Le titre de ce Psaume nous indique la circonstance de la vie de David qui lui donna l’occasion de le composer ; nous en trouvons le récit dans les livres historiques. 1 S 21.10-16. Mais s’il se rapporte en tout premier lieu à la personne du psalmiste, nous devons toujours nous rappeler que l’Esprit de Dieu qui l’a poussé à écrire ce cantique avait aussi en vue un personnage plus grand que David. Nous dirons donc avec St-Augustin : « Aussi longtemps que tu n’es pas arrivé à voir Jésus-Christ dans ce Psaume, le discours divin ne te dit rien », et avec Horne : « Ces paroles s’appliquent à David poursuivi par ses ennemis, à Jésus-Christ persécuté par les Juifs, à l’Église affligée dans le monde et à l’âme fidèle entourée d’ennemis contre lesquels elle est forcée de soutenir un combat continuel. »

On peut distinguer trois strophes. Dans les deux premières (2-4 et 6-10), le psalmiste demande à Dieu de le délivrer de ses cruels ennemis et se réjouit dans la ferme espérance d’être exaucé. Dans la troisième (13-14), il s’engage à témoigner à Dieu sa reconnaissance par des sacrifices et des actions de grâces. Le verset 5 d’une part et les versets 11 et 12 d’autre part forment une sorte de refrain qui sépare la première strophe de la seconde et la seconde de la troisième.

Il y a dans le titre quelques mots dont on ne peut pas déterminer le sens avec une parfaite certitude à cause de l’extrême concision de l’original. La traduction que nous donnons est celle de la version chaldéenne, des rabbins Kimchi et Jarchi, et de la plupart des exégètes modernes. Le psalmiste, forcé de chercher un refuge sur une terre étrangère et de souffrir en silence, s’est représenté lui-même sous l’image d’une colombe. La même image se trouve dans le Psaume précédent (v. 7), et nous avons déjà vu David (Ps 11) se comparer à un oiseau. À l’occasion de ce titre, St-Augustin fait une remarque générale sur l’utilité des titres des Psaumes et sur l’attention qu’ils méritent. « Lorsque nous sommes sur le point d’entrer dans une maison, nous regardons ce qui est écrit au-dessus de la porte, afin de savoir à qui elle appartient et de ne pas risquer d’entrer là où nous ne devrions pas entrer. C’est dans la même intention que nous devons considérer avec soin ce qui est écrit sur la porte de ce Psaume. » — Sur les mots Cantique d’or, voyez l’explication du titre de Ps l6.

Verset 2. Aie pitié de moi, ô Dieu! car un homme veut m’engloutir ; tout le jour combattant, il m’opprime.

L’homme, son ennemi, que le psalmiste a particulièrement en vue, c’est Saül.
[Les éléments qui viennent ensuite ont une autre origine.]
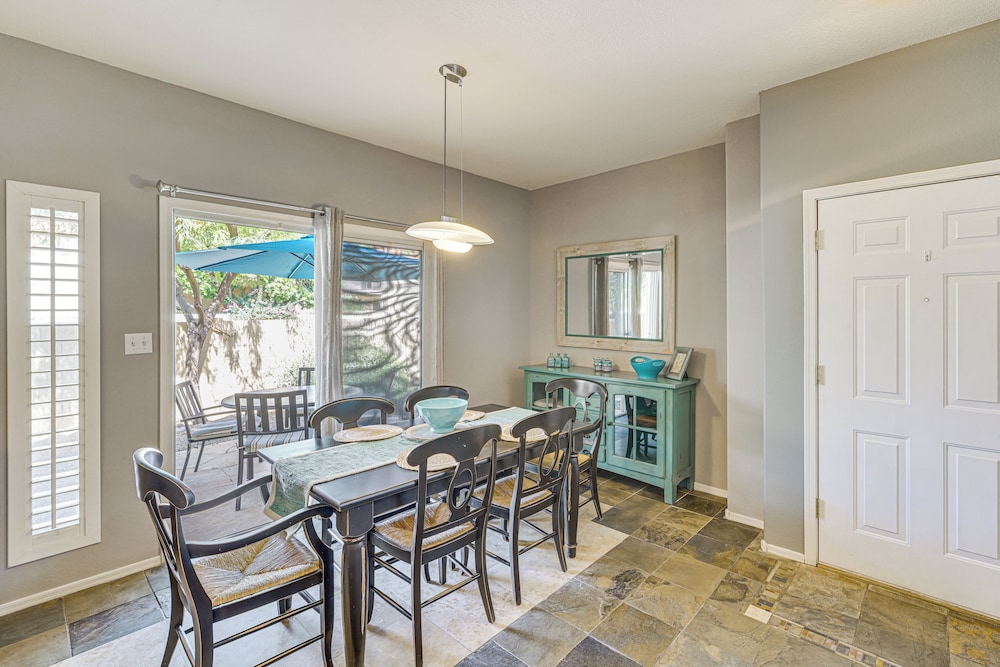Hike & Golf! Townhouse w/ Resort Perks in PHX
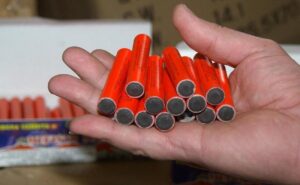 Συνελήφθησαν δύο 26χρονοι που διακινούσαν κροτίδες στην ευρύτερη περιοχή του Ελληνικού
Il le compare à un animal qui ouvre sa gueule pour engloutir sa proie. — Le verbe que nous traduisons par combattre devrait, selon Hengstenberg, être rendu par manger, dévorer, sens qui s’accorderait bien avec l’image du second hémistiche. Toutefois il n’y a pas de raisons suffisantes pour s’écarter des anciennes versions. « Que personne ne dise, il y a eu des troubles dans les temps de nos pères, mais dans le nôtre il n’y en a pas. Si tu t’imagines que tu n’auras pas de persécutions, tu n’as pas encore commencé à être véritablement chrétien » (St-Augustin).

Verset 3. Tout le jour mes ennemis veulent m’engloutir, car en grand nombre ils combattent contre moi avec hauteur.

Le second hémistiche peut se traduire de différentes manières, parce que dans le texte hébreu le mot hauteur n’est lié par aucune préposition au pronom qui le précède. Abenesra supplée la préposition dans et traduit : « Ils sont nombreux ceux qui combattent pour moi dans les lieux élevés. » Ce serait une allusion au secours des anges. Nous pensons avec la plupart des commentateurs modernes qu’il est plus naturel de suppléer avec. La version chaldéenne porte : « Nombreux sont ceux qui combattent contre moi, ô Très-Haut. » Dans ce cas on ne supplée rien ; mais ce serait le seul cas où le mot hébreu (marom) que nous traduisons par hauteur serait employé comme un nom de Dieu. Dans le passage Ps 92.9 que l’on pourrait alléguer, ce mot a la valeur d’un adjectif.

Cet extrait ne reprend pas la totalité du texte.